▸ **Exercise instructions**
Transcribe each entry in full, and leave the images out.

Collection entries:
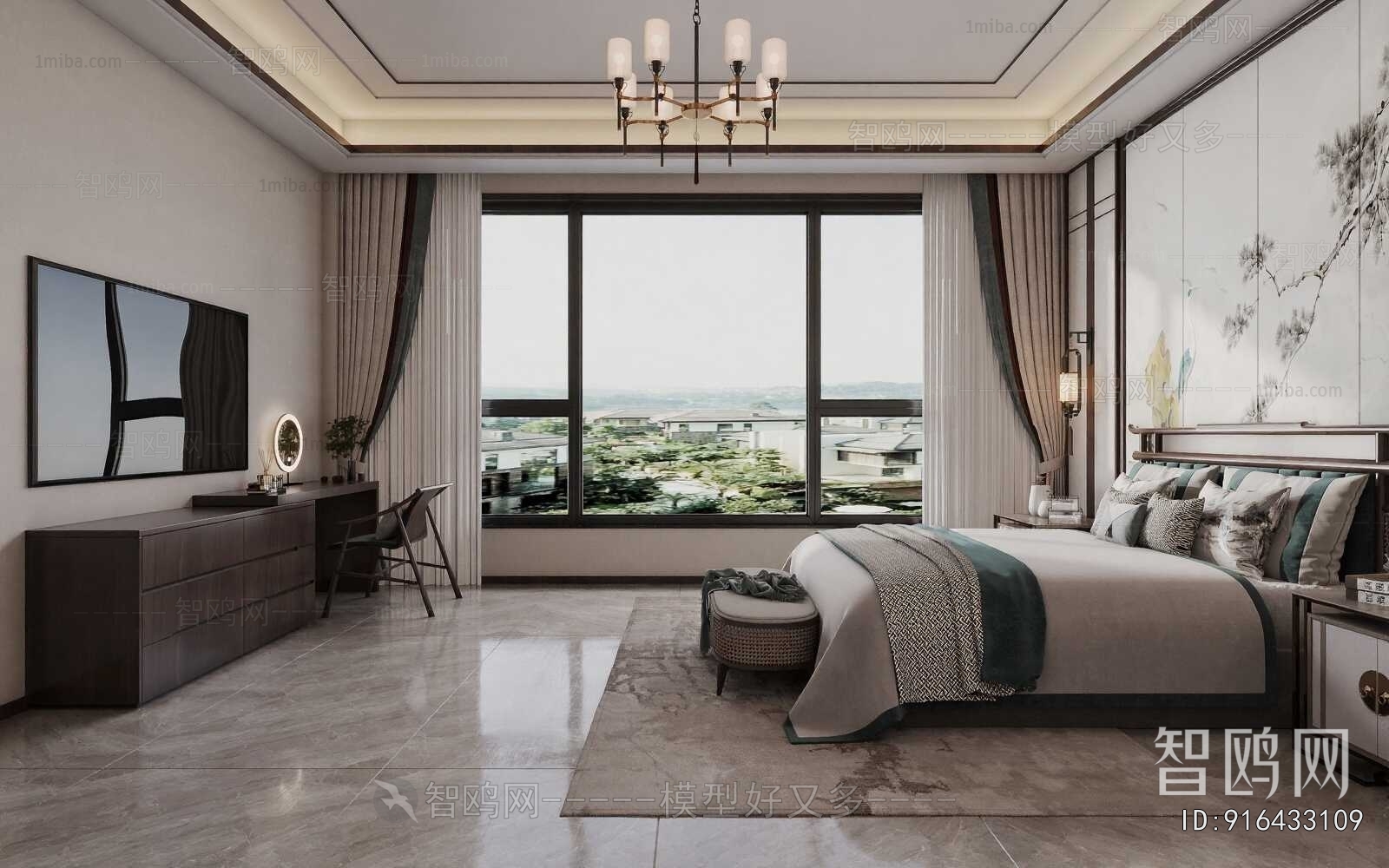 New Chinese Style Bedroom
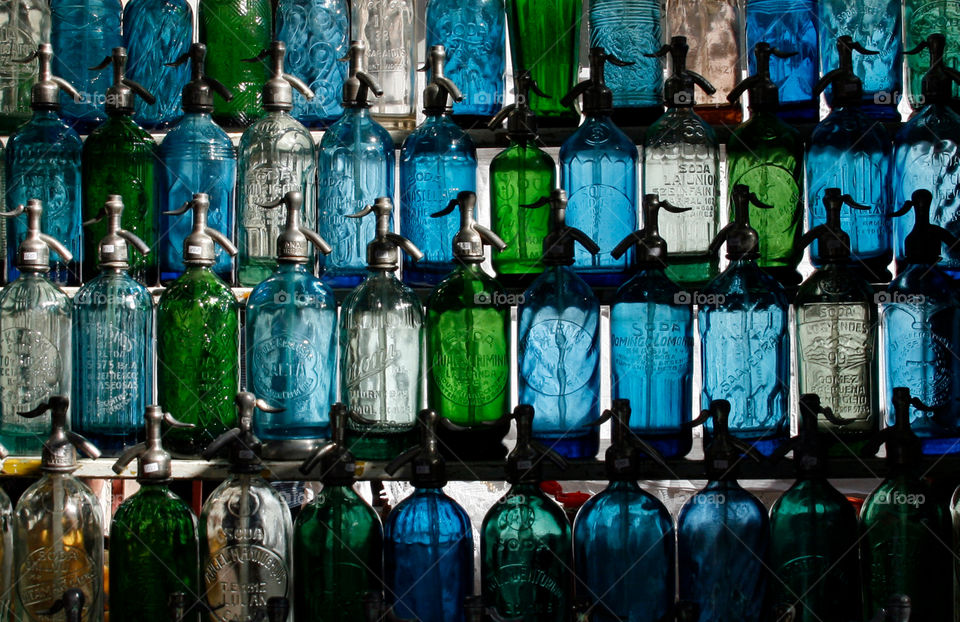 Soda bottles on sale in San Telmo market in Buenos Aires, Argentina
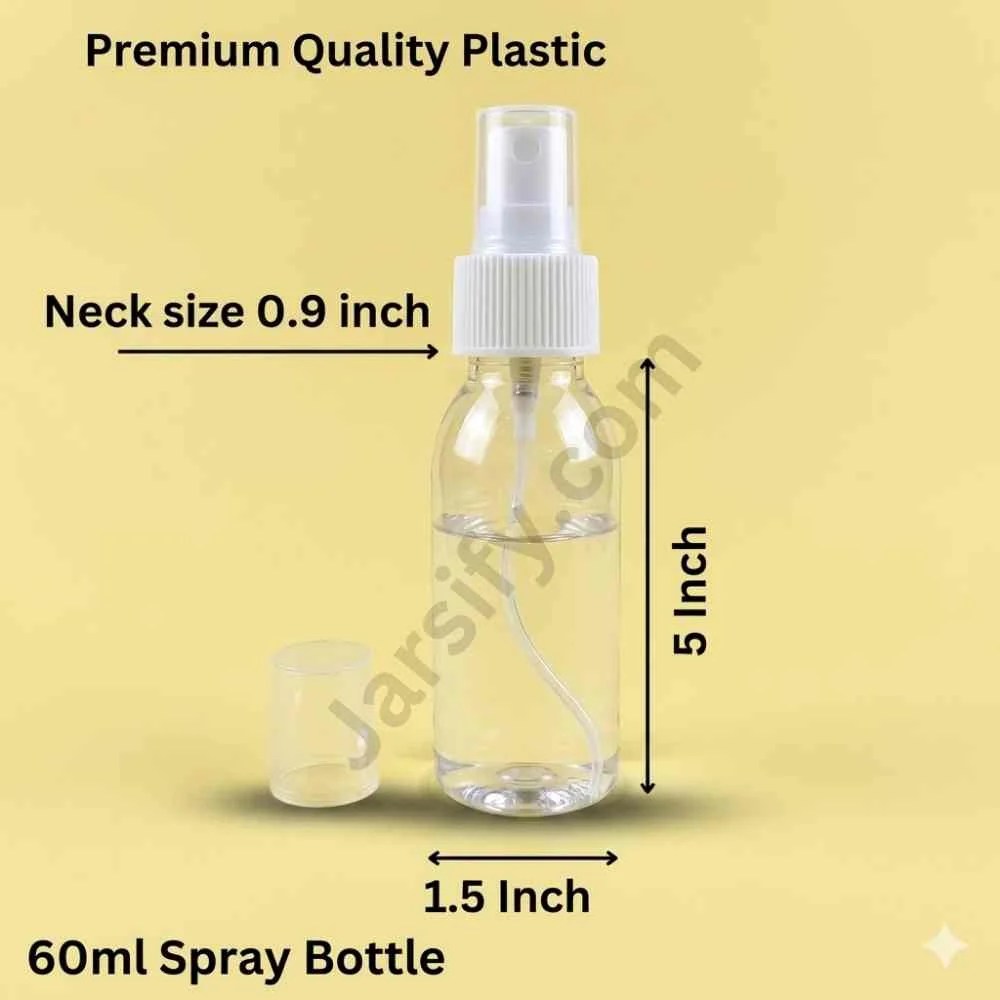 60ml plastic spray bottle with white nozzle, empty small bottle for sanitizer, perfume and liquid use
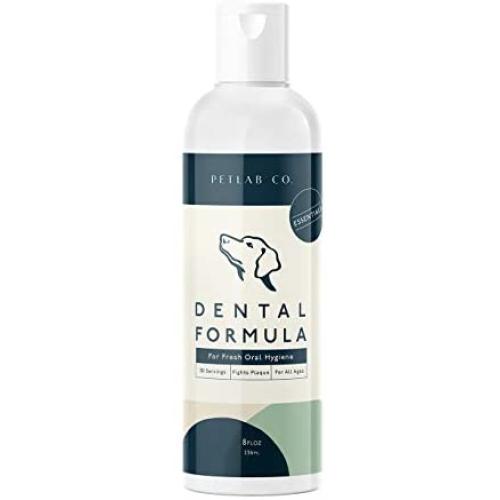 Petlab Co. Dental Formula Water Additive for Dogs | Targets Dog Plaque and Tartar Build-Up for Fresher Breath and Healthier Gums | Fresh Drinking Oral Hygiene Care (No Brush Required)
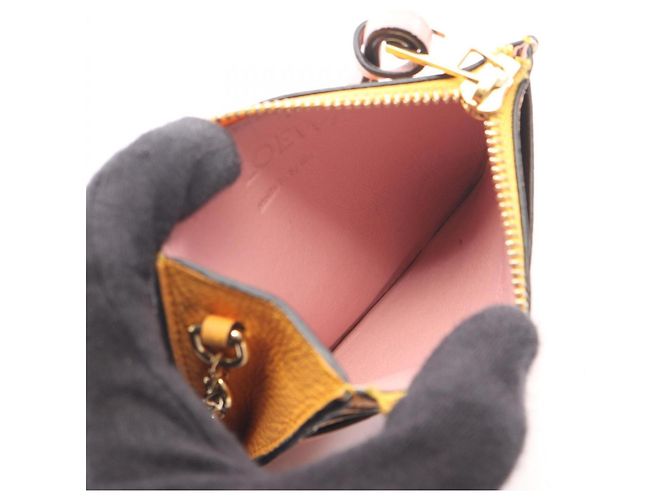 Tarjetero Anagram Square LOEWE con llavero Castaño Rosa Naranja - vista 3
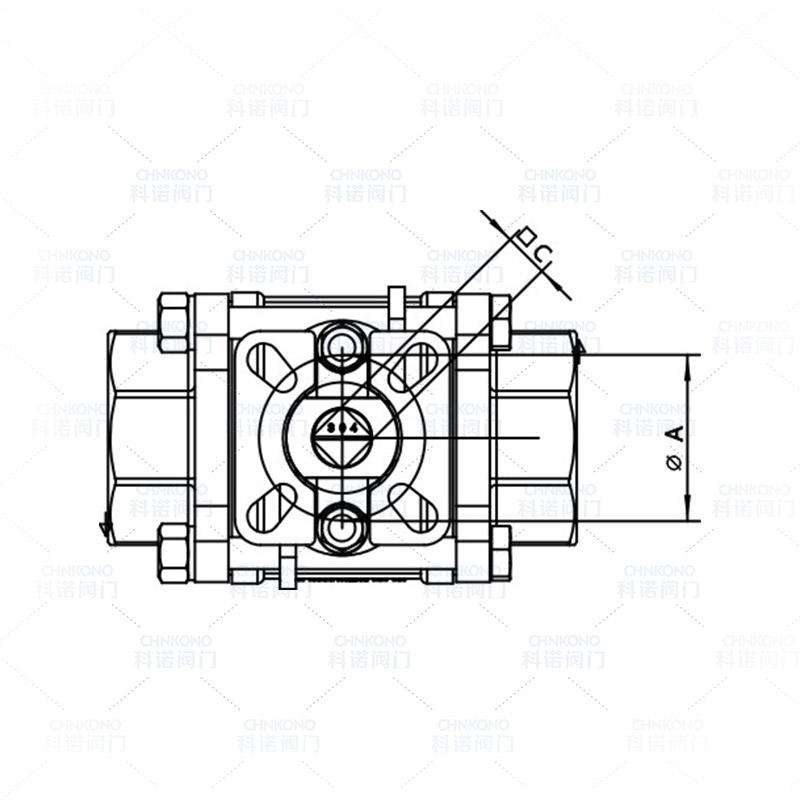 高平台三片式内螺纹球阀-PN16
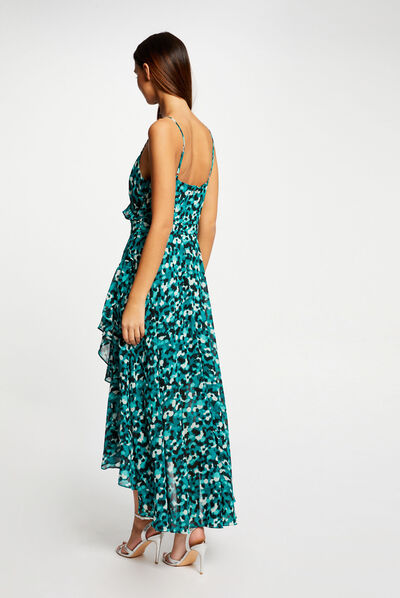 Robe longue évasée imprimé abstrait vert femme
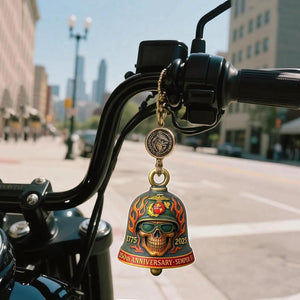 250 Years Anniversary Motorcycle Bell, Handmade Guardian Bell for Luck, Biker Keychain for Men 683720
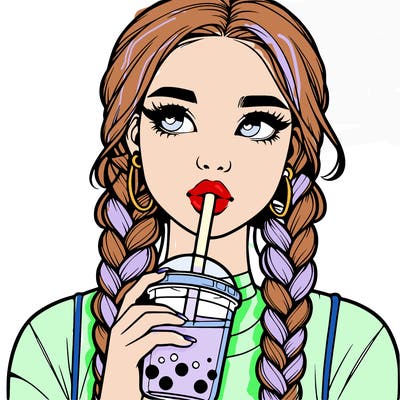 realistic girl with braided hair drinking boba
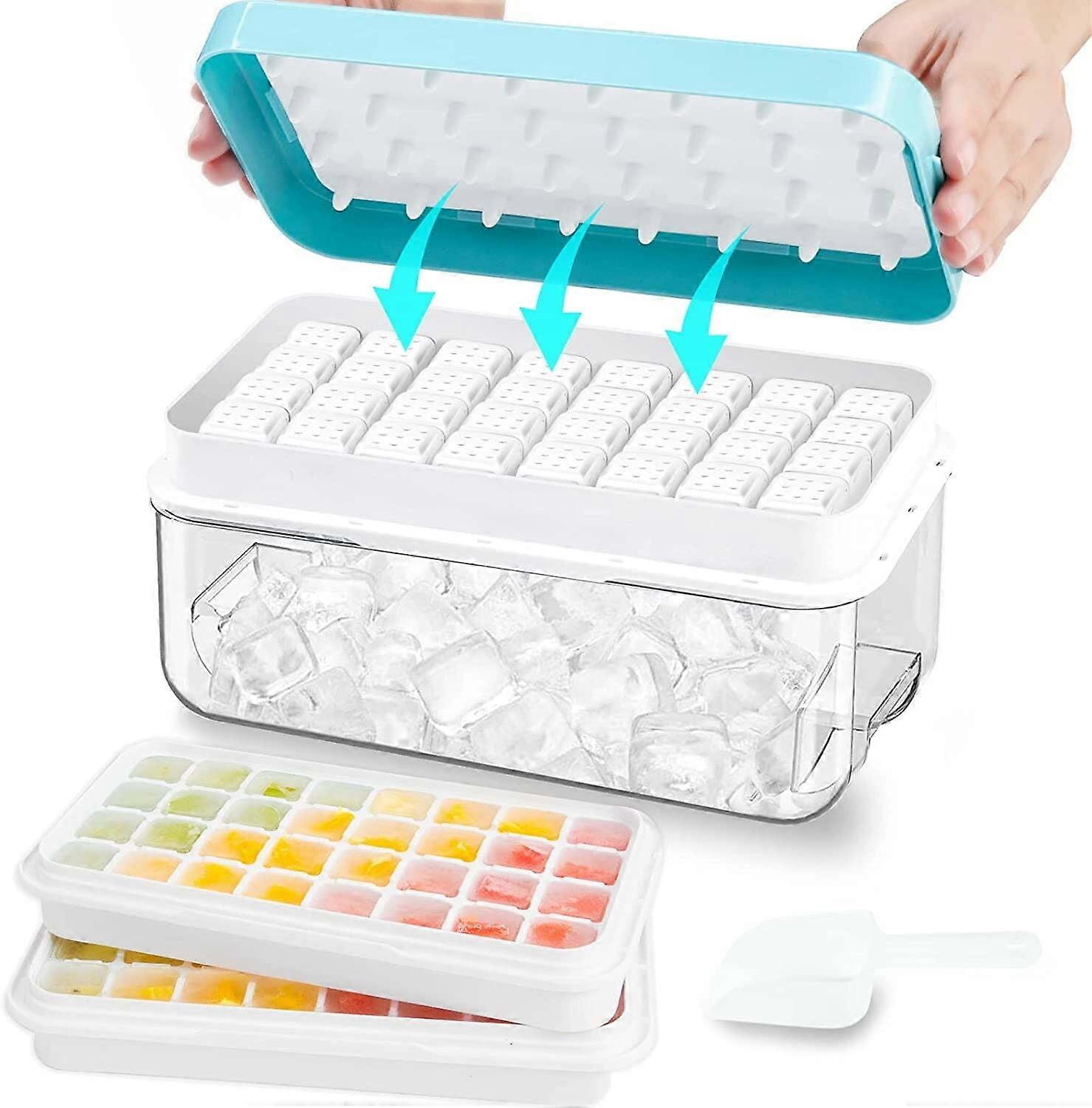 BPA Free One Key Release Ice Cube Silicone Tray with Lid Bin and Scooper Ice Cube Mold for Freezer with Container Storage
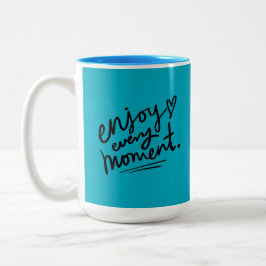 Black Blue Simple Motivational Quote Mug Tweekleurige Koffiemok
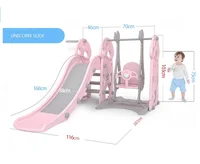 

indoor playground 3 in 1 combine with swing and basket ball plastic kids long safe slide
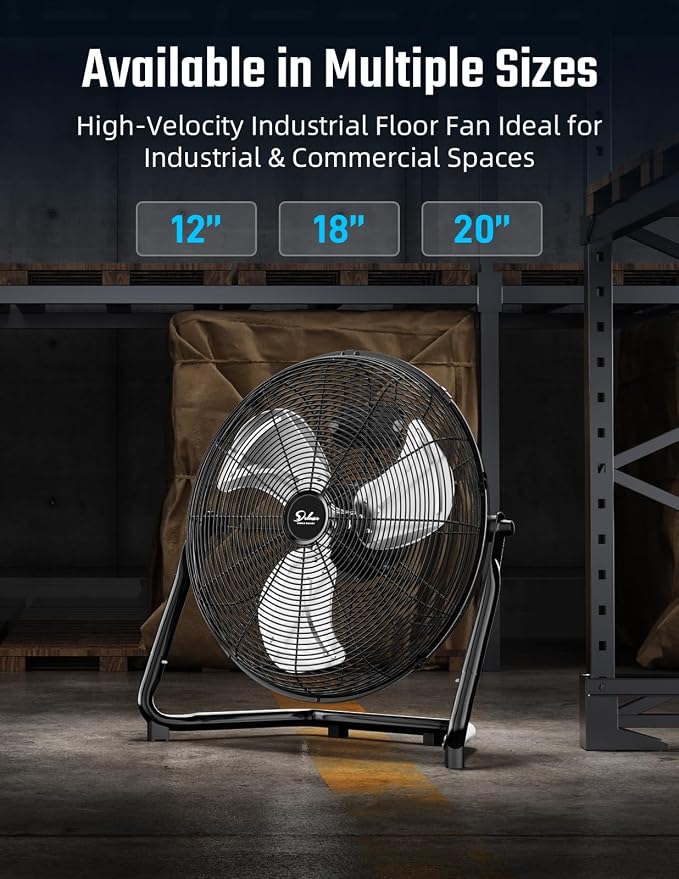 Simple Deluxe 18 Inch 3-Speed High Velocity Heavy Duty Metal Industrial Floor Fan for Warehouse, Workshop, Factory and Basement, Black, 2 Pack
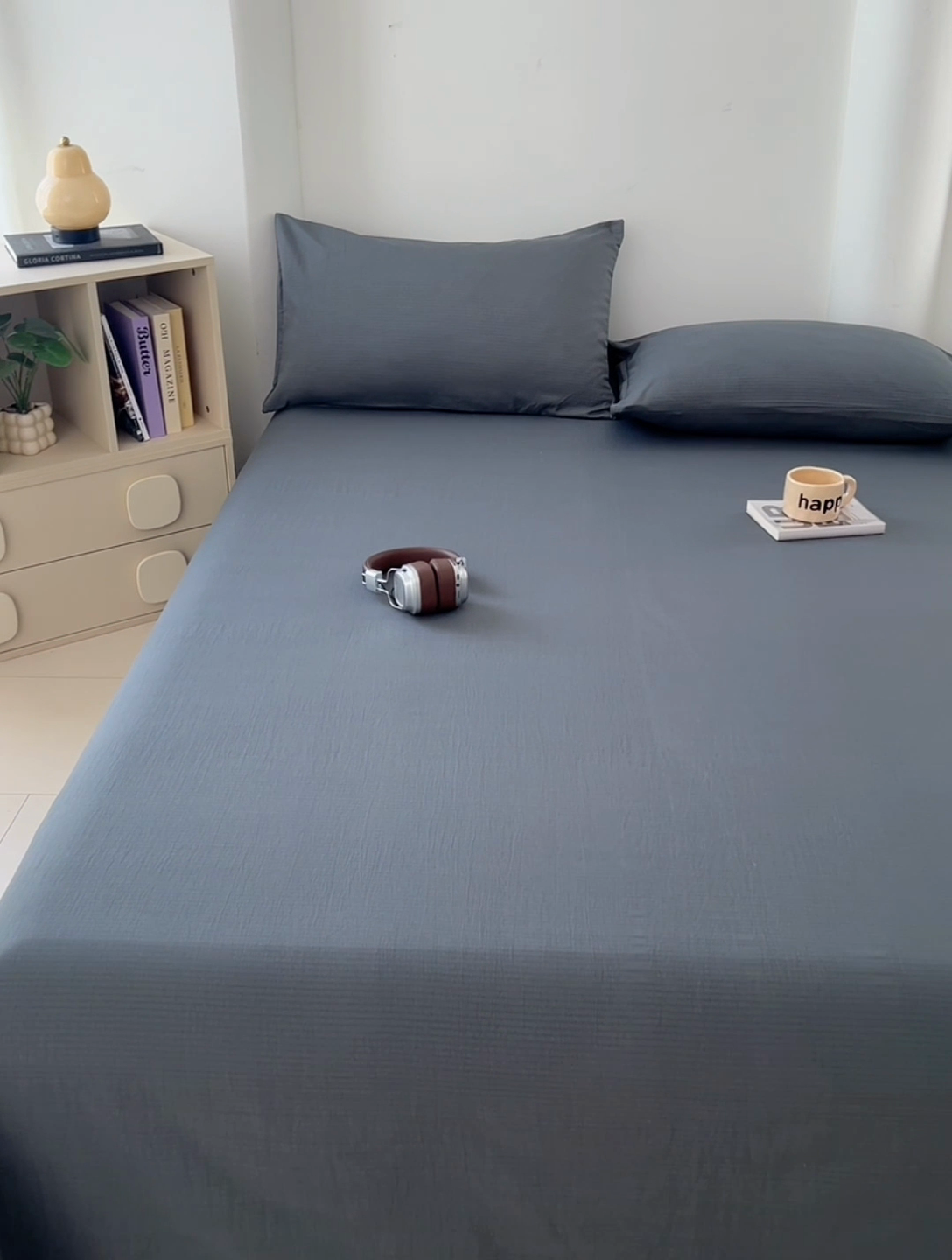 91家纺网 家纺一手货源 找家纺 卡迪熊家纺2025新款木m双层纱床单 高级灰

▸ **Reply**
 New Chinese Style Bedroom
 Soda bottles on sale in San Telmo market in Buenos Aires, Argentina
 60ml plastic spray bottle with white nozzle, empty small bottle for sanitizer, perfume and liquid use
 Petlab Co. Dental Formula Water Additive for Dogs | Targets Dog Plaque and Tartar Build-Up for Fresher Breath and Healthier Gums | Fresh Drinking Oral Hygiene Care (No Brush Required)
 Tarjetero Anagram Square LOEWE con llavero Castaño Rosa Naranja - vista 3
 高平台三片式内螺纹球阀-PN16
 Robe longue évasée imprimé abstrait vert femme
 250 Years Anniversary Motorcycle Bell, Handmade Guardian Bell for Luck, Biker Keychain for Men 683720
 realistic girl with braided hair drinking boba
 BPA Free One Key Release Ice Cube Silicone Tray with Lid Bin and Scooper Ice Cube Mold for Freezer with Container Storage
 Black Blue Simple Motivational Quote Mug Tweekleurige Koffiemok

indoor playground 3 in 1 combine with swing and basket ball plastic kids long safe slide
 Simple Deluxe 18 Inch 3-Speed High Velocity Heavy Duty Metal Industrial Floor Fan for Warehouse, Workshop, Factory and Basement, Black, 2 Pack
 91家纺网 家纺一手货源 找家纺 卡迪熊家纺2025新款木m双层纱床单 高级灰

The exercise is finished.